(Input records)
%%

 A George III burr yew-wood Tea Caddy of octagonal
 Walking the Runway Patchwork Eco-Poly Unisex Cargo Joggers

%%
%%

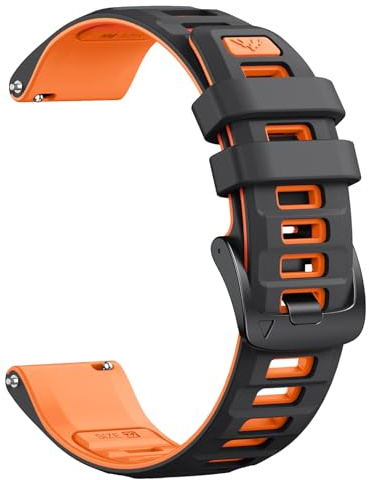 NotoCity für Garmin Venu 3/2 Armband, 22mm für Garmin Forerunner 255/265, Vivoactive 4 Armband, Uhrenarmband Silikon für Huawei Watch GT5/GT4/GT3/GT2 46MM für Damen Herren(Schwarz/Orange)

%%

For the listing above, print only the lines starting at the line containing "A George III" and ending at the line containing "Walking the Runway", exactly, both included.

 A George III burr yew-wood Tea Caddy of octagonal
 Walking the Runway Patchwork Eco-Poly Unisex Cargo Joggers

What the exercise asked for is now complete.